WORK TO COMPLETE:
In the data that follows, each entry is to be restated exactly.

Start of GIVEN RECORDS

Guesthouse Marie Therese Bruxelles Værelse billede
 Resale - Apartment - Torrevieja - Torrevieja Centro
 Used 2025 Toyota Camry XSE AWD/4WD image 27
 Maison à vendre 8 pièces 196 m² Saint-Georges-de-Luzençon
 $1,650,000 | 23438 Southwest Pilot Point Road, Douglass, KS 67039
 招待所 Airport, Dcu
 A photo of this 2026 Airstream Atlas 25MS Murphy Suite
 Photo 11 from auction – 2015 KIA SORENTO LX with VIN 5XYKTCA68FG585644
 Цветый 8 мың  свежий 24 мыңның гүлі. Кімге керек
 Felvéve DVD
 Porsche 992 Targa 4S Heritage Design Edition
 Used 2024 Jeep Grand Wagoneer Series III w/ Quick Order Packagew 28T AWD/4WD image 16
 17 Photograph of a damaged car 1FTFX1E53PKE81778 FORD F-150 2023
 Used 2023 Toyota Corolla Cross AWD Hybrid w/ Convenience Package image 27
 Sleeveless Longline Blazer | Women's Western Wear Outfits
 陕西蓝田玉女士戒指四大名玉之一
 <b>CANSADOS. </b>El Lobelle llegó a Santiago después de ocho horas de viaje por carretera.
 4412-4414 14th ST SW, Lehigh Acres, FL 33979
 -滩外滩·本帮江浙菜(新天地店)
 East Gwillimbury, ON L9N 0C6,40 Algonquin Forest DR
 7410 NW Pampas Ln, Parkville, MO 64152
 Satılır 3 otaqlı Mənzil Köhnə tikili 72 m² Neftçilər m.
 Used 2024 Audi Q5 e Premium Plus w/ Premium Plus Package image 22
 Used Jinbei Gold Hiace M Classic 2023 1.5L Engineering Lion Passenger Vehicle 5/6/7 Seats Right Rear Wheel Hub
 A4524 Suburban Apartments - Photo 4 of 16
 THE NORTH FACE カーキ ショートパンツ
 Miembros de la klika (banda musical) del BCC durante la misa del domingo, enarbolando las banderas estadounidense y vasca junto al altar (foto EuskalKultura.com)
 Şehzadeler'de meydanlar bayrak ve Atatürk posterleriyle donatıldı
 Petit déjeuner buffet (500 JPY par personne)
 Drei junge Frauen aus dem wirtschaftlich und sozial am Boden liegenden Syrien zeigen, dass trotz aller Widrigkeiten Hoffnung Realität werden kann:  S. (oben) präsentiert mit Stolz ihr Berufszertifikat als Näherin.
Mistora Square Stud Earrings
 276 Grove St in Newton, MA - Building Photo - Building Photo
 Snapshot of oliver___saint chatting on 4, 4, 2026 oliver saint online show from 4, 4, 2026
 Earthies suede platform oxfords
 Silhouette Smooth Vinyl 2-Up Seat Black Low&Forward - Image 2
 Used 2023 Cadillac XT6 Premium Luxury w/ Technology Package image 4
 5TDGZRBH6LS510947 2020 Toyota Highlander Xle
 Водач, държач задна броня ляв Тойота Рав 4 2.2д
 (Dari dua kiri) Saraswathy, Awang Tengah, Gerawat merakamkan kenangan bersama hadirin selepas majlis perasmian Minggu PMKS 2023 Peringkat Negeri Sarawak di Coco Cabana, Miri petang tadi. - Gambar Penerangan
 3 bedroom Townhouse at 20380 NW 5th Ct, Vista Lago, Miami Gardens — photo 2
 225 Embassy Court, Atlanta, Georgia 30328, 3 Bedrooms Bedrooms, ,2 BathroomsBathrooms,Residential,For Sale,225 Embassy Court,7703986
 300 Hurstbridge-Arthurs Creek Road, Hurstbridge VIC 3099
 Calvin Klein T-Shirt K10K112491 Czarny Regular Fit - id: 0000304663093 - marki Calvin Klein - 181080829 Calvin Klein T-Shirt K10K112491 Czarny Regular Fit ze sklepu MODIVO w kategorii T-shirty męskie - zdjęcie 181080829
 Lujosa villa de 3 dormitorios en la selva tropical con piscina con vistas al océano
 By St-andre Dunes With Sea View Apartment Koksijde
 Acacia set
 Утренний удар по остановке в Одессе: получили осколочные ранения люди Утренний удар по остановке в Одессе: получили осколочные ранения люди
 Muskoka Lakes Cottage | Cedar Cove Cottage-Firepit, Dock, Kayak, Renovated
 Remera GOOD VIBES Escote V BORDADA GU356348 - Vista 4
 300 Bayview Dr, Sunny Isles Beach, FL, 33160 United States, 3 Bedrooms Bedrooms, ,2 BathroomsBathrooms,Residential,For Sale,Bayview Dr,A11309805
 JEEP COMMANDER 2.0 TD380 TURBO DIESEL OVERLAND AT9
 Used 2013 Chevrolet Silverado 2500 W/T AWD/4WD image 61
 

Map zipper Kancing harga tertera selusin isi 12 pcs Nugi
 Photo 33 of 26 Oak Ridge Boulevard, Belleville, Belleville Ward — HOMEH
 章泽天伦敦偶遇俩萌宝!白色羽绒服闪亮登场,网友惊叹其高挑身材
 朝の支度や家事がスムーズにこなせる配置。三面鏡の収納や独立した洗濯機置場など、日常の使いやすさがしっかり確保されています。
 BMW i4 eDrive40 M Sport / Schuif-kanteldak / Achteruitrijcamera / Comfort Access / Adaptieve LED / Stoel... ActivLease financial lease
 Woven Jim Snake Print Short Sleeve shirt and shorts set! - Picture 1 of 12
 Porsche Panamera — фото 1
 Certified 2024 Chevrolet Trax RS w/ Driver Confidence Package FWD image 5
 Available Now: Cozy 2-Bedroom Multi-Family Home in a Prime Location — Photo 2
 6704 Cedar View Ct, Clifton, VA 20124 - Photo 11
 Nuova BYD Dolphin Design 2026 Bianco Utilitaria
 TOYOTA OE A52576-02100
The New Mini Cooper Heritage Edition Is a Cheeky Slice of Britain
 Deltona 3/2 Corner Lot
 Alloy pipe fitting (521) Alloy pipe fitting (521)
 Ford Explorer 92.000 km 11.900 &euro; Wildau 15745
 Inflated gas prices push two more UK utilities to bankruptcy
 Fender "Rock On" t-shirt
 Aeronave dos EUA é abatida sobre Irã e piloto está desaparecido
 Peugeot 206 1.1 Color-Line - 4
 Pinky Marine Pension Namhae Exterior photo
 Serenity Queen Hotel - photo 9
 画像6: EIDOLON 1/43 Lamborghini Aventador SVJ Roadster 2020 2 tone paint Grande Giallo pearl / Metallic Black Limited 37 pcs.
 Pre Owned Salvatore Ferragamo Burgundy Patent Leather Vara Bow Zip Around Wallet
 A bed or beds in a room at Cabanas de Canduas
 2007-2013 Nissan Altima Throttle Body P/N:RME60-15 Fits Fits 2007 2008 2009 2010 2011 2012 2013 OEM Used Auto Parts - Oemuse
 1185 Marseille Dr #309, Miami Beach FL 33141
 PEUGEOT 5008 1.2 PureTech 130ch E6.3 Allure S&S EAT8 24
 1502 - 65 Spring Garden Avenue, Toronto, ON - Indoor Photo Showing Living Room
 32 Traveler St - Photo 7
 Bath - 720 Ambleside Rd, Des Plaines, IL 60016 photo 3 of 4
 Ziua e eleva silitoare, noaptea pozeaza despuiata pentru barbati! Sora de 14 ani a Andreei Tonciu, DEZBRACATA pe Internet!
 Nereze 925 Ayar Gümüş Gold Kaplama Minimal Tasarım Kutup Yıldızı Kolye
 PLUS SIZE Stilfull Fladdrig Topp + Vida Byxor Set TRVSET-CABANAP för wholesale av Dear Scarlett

End of GIVEN RECORDS

RESULT:
Guesthouse Marie Therese Bruxelles Værelse billede
 Resale - Apartment - Torrevieja - Torrevieja Centro
 Used 2025 Toyota Camry XSE AWD/4WD image 27
 Maison à vendre 8 pièces 196 m² Saint-Georges-de-Luzençon
 $1,650,000 | 23438 Southwest Pilot Point Road, Douglass, KS 67039
 招待所 Airport, Dcu
 A photo of this 2026 Airstream Atlas 25MS Murphy Suite
 Photo 11 from auction – 2015 KIA SORENTO LX with VIN 5XYKTCA68FG585644
 Цветый 8 мың  свежий 24 мыңның гүлі. Кімге керек
 Felvéve DVD
 Porsche 992 Targa 4S Heritage Design Edition
 Used 2024 Jeep Grand Wagoneer Series III w/ Quick Order Packagew 28T AWD/4WD image 16
 17 Photograph of a damaged car 1FTFX1E53PKE81778 FORD F-150 2023
 Used 2023 Toyota Corolla Cross AWD Hybrid w/ Convenience Package image 27
 Sleeveless Longline Blazer | Women's Western Wear Outfits
 陕西蓝田玉女士戒指四大名玉之一
 <b>CANSADOS. </b>El Lobelle llegó a Santiago después de ocho horas de viaje por carretera.
 4412-4414 14th ST SW, Lehigh Acres, FL 33979
 -滩外滩·本帮江浙菜(新天地店)
 East Gwillimbury, ON L9N 0C6,40 Algonquin Forest DR
 7410 NW Pampas Ln, Parkville, MO 64152
 Satılır 3 otaqlı Mənzil Köhnə tikili 72 m² Neftçilər m.
 Used 2024 Audi Q5 e Premium Plus w/ Premium Plus Package image 22
 Used Jinbei Gold Hiace M Classic 2023 1.5L Engineering Lion Passenger Vehicle 5/6/7 Seats Right Rear Wheel Hub
 A4524 Suburban Apartments - Photo 4 of 16
 THE NORTH FACE カーキ ショートパンツ
 Miembros de la klika (banda musical) del BCC durante la misa del domingo, enarbolando las banderas estadounidense y vasca junto al altar (foto EuskalKultura.com)
 Şehzadeler'de meydanlar bayrak ve Atatürk posterleriyle donatıldı
 Petit déjeuner buffet (500 JPY par personne)
 Drei junge Frauen aus dem wirtschaftlich und sozial am Boden liegenden Syrien zeigen, dass trotz aller Widrigkeiten Hoffnung Realität werden kann:  S. (oben) präsentiert mit Stolz ihr Berufszertifikat als Näherin.
Mistora Square Stud Earrings
 276 Grove St in Newton, MA - Building Photo - Building Photo
 Snapshot of oliver___saint chatting on 4, 4, 2026 oliver saint online show from 4, 4, 2026
 Earthies suede platform oxfords
 Silhouette Smooth Vinyl 2-Up Seat Black Low&Forward - Image 2
 Used 2023 Cadillac XT6 Premium Luxury w/ Technology Package image 4
 5TDGZRBH6LS510947 2020 Toyota Highlander Xle
 Водач, държач задна броня ляв Тойота Рав 4 2.2д
 (Dari dua kiri) Saraswathy, Awang Tengah, Gerawat merakamkan kenangan bersama hadirin selepas majlis perasmian Minggu PMKS 2023 Peringkat Negeri Sarawak di Coco Cabana, Miri petang tadi. - Gambar Penerangan
 3 bedroom Townhouse at 20380 NW 5th Ct, Vista Lago, Miami Gardens — photo 2
 225 Embassy Court, Atlanta, Georgia 30328, 3 Bedrooms Bedrooms, ,2 BathroomsBathrooms,Residential,For Sale,225 Embassy Court,7703986
 300 Hurstbridge-Arthurs Creek Road, Hurstbridge VIC 3099
 Calvin Klein T-Shirt K10K112491 Czarny Regular Fit - id: 0000304663093 - marki Calvin Klein - 181080829 Calvin Klein T-Shirt K10K112491 Czarny Regular Fit ze sklepu MODIVO w kategorii T-shirty męskie - zdjęcie 181080829
 Lujosa villa de 3 dormitorios en la selva tropical con piscina con vistas al océano
 By St-andre Dunes With Sea View Apartment Koksijde
 Acacia set
 Утренний удар по остановке в Одессе: получили осколочные ранения люди Утренний удар по остановке в Одессе: получили осколочные ранения люди
 Muskoka Lakes Cottage | Cedar Cove Cottage-Firepit, Dock, Kayak, Renovated
 Remera GOOD VIBES Escote V BORDADA GU356348 - Vista 4
 300 Bayview Dr, Sunny Isles Beach, FL, 33160 United States, 3 Bedrooms Bedrooms, ,2 BathroomsBathrooms,Residential,For Sale,Bayview Dr,A11309805
 JEEP COMMANDER 2.0 TD380 TURBO DIESEL OVERLAND AT9
 Used 2013 Chevrolet Silverado 2500 W/T AWD/4WD image 61
 

Map zipper Kancing harga tertera selusin isi 12 pcs Nugi
 Photo 33 of 26 Oak Ridge Boulevard, Belleville, Belleville Ward — HOMEH
 章泽天伦敦偶遇俩萌宝!白色羽绒服闪亮登场,网友惊叹其高挑身材
 朝の支度や家事がスムーズにこなせる配置。三面鏡の収納や独立した洗濯機置場など、日常の使いやすさがしっかり確保されています。
 BMW i4 eDrive40 M Sport / Schuif-kanteldak / Achteruitrijcamera / Comfort Access / Adaptieve LED / Stoel... ActivLease financial lease
 Woven Jim Snake Print Short Sleeve shirt and shorts set! - Picture 1 of 12
 Porsche Panamera — фото 1
 Certified 2024 Chevrolet Trax RS w/ Driver Confidence Package FWD image 5
 Available Now: Cozy 2-Bedroom Multi-Family Home in a Prime Location — Photo 2
 6704 Cedar View Ct, Clifton, VA 20124 - Photo 11
 Nuova BYD Dolphin Design 2026 Bianco Utilitaria
 TOYOTA OE A52576-02100
The New Mini Cooper Heritage Edition Is a Cheeky Slice of Britain
 Deltona 3/2 Corner Lot
 Alloy pipe fitting (521) Alloy pipe fitting (521)
 Ford Explorer 92.000 km 11.900 &euro; Wildau 15745
 Inflated gas prices push two more UK utilities to bankruptcy
 Fender "Rock On" t-shirt
 Aeronave dos EUA é abatida sobre Irã e piloto está desaparecido
 Peugeot 206 1.1 Color-Line - 4
 Pinky Marine Pension Namhae Exterior photo
 Serenity Queen Hotel - photo 9
 画像6: EIDOLON 1/43 Lamborghini Aventador SVJ Roadster 2020 2 tone paint Grande Giallo pearl / Metallic Black Limited 37 pcs.
 Pre Owned Salvatore Ferragamo Burgundy Patent Leather Vara Bow Zip Around Wallet
 A bed or beds in a room at Cabanas de Canduas
 2007-2013 Nissan Altima Throttle Body P/N:RME60-15 Fits Fits 2007 2008 2009 2010 2011 2012 2013 OEM Used Auto Parts - Oemuse
 1185 Marseille Dr #309, Miami Beach FL 33141
 PEUGEOT 5008 1.2 PureTech 130ch E6.3 Allure S&S EAT8 24
 1502 - 65 Spring Garden Avenue, Toronto, ON - Indoor Photo Showing Living Room
 32 Traveler St - Photo 7
 Bath - 720 Ambleside Rd, Des Plaines, IL 60016 photo 3 of 4
 Ziua e eleva silitoare, noaptea pozeaza despuiata pentru barbati! Sora de 14 ani a Andreei Tonciu, DEZBRACATA pe Internet!
 Nereze 925 Ayar Gümüş Gold Kaplama Minimal Tasarım Kutup Yıldızı Kolye
 PLUS SIZE Stilfull Fladdrig Topp + Vida Byxor Set TRVSET-CABANAP för wholesale av Dear Scarlett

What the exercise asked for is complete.